Description of the task ::
Scan the data below for the string "area". Show every line where it turns up.

Records for this task ::
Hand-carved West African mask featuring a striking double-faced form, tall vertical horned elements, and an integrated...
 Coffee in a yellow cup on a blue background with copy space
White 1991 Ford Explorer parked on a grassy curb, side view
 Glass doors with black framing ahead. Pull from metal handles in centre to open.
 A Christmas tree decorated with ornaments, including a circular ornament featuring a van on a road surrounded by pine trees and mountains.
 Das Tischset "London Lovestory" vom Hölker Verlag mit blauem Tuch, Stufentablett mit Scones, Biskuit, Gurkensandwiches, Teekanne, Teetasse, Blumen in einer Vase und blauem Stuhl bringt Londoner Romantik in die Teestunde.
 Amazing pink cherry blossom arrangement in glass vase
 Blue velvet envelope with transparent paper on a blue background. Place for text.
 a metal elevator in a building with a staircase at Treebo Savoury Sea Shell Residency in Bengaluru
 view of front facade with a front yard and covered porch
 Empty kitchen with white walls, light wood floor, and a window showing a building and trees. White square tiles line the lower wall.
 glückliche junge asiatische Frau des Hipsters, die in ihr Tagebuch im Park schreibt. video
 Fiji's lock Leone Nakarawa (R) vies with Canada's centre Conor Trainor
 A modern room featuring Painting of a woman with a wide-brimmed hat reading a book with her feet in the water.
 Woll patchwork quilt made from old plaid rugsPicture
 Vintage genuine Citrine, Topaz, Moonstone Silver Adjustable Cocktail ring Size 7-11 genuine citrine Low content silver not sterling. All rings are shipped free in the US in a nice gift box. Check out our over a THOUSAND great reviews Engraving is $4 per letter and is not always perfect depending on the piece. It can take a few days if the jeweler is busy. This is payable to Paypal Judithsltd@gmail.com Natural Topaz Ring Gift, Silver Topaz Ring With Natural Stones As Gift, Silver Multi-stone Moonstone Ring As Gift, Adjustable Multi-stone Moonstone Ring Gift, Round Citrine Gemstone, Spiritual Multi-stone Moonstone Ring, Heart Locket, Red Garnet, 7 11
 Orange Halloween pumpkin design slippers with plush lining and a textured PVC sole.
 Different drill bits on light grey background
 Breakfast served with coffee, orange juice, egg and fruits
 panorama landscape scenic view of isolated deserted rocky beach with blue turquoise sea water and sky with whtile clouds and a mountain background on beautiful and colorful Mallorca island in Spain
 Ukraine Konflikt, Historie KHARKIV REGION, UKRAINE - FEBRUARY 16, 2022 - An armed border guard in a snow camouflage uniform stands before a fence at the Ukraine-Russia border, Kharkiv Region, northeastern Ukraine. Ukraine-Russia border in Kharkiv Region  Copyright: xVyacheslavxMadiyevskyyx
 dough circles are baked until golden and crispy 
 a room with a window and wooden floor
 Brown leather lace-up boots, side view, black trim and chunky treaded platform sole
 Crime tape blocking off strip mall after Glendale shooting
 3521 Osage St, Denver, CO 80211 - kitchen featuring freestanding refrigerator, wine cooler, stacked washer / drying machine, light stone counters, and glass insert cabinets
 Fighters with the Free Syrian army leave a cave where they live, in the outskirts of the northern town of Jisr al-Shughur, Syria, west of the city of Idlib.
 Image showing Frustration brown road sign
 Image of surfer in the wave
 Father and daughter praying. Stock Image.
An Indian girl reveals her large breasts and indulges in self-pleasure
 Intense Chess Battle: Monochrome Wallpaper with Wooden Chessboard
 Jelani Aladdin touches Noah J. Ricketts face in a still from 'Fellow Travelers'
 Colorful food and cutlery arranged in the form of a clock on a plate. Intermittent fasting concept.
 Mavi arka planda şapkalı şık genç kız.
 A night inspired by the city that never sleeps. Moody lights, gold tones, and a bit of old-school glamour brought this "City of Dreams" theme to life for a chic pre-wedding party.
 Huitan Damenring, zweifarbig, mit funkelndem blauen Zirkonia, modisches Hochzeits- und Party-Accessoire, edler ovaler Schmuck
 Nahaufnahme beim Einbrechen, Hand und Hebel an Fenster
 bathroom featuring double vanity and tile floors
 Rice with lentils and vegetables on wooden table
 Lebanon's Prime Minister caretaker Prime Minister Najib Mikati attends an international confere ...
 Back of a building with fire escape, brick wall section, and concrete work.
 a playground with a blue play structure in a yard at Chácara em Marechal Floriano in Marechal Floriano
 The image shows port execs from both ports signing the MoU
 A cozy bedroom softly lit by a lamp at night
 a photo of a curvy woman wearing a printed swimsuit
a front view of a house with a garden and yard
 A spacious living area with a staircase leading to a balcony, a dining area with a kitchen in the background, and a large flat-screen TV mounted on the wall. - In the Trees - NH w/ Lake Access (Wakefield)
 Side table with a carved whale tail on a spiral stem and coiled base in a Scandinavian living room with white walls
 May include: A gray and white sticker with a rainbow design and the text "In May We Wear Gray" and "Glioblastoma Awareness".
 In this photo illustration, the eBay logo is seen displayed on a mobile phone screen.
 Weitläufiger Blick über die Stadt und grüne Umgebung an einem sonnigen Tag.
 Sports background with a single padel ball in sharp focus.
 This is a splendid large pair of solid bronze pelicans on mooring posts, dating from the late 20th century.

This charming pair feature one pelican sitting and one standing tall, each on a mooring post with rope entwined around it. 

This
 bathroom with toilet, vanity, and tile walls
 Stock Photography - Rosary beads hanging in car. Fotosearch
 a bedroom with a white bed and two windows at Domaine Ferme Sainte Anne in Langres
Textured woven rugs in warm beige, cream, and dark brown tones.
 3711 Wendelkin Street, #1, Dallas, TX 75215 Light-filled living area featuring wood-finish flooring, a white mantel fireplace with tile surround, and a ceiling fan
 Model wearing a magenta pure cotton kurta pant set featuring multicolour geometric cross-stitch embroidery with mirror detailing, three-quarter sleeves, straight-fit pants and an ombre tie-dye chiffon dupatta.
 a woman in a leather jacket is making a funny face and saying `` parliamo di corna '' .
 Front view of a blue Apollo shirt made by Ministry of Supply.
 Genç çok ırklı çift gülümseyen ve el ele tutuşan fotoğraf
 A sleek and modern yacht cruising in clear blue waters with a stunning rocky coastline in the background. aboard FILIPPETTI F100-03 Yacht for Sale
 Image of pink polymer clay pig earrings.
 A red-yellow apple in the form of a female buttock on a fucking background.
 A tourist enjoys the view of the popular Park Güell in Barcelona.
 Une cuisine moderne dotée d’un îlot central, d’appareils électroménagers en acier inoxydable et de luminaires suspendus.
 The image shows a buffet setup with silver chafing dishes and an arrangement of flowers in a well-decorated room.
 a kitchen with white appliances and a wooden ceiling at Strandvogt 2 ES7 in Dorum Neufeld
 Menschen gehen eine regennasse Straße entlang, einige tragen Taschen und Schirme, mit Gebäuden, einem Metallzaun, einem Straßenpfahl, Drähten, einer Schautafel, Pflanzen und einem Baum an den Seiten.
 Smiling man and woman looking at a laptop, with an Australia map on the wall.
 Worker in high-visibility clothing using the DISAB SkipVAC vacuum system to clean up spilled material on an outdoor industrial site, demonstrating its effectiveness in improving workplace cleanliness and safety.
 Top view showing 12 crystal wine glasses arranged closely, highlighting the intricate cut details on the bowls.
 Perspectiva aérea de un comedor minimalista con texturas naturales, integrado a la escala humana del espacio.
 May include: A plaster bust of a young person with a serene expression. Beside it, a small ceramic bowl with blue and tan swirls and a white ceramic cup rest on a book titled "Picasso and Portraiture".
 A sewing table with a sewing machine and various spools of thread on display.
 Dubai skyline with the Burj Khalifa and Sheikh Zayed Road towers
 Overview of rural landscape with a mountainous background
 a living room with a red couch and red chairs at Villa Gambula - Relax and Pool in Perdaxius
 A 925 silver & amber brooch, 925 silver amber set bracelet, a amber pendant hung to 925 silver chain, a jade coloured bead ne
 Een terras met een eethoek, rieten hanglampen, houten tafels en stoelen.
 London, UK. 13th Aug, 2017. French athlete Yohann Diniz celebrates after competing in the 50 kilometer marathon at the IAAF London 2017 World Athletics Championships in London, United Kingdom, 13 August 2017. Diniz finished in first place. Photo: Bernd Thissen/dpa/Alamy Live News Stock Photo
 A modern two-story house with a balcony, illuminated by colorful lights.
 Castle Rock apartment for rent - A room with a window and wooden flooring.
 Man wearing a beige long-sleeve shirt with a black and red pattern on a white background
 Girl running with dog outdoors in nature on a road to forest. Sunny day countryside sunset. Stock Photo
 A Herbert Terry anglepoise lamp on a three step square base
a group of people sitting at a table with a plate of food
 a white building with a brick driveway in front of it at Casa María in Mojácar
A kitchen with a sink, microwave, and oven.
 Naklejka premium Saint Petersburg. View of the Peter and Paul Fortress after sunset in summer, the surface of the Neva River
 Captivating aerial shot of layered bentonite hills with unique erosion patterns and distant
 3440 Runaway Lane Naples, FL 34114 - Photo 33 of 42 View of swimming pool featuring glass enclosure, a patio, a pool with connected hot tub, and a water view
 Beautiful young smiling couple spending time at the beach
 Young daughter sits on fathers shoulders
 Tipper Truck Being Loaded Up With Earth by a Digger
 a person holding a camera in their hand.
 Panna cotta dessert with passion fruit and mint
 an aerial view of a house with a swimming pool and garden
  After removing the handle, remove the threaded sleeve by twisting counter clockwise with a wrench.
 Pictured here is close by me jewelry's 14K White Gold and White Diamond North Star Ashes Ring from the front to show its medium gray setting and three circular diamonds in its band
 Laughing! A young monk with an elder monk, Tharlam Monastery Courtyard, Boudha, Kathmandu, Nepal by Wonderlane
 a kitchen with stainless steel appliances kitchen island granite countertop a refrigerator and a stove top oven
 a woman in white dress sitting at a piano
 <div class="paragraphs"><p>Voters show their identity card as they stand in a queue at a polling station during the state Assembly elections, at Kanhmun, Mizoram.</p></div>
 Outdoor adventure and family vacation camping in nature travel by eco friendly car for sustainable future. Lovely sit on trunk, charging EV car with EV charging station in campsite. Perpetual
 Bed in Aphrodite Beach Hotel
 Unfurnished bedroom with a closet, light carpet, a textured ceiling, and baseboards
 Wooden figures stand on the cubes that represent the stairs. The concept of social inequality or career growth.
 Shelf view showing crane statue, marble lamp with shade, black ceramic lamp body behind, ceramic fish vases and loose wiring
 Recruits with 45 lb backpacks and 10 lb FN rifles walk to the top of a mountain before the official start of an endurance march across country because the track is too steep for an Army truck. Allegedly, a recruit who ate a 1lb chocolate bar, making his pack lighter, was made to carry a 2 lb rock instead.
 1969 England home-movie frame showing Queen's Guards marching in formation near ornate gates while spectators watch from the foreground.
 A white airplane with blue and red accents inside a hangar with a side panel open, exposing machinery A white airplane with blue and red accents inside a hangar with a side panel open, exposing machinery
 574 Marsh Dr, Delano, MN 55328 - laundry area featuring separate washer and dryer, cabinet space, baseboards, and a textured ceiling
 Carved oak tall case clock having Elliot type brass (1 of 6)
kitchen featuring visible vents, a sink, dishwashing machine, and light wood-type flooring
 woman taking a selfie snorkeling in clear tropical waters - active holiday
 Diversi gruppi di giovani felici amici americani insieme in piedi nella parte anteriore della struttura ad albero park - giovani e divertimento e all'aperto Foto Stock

Your solution ::
 A spacious living area with a staircase leading to a balcony, a dining area with a kitchen in the background, and a large flat-screen TV mounted on the wall. - In the Trees - NH w/ Lake Access (Wakefield)
 3711 Wendelkin Street, #1, Dallas, TX 75215 Light-filled living area featuring wood-finish flooring, a white mantel fireplace with tile surround, and a ceiling fan
 574 Marsh Dr, Delano, MN 55328 - laundry area featuring separate washer and dryer, cabinet space, baseboards, and a textured ceiling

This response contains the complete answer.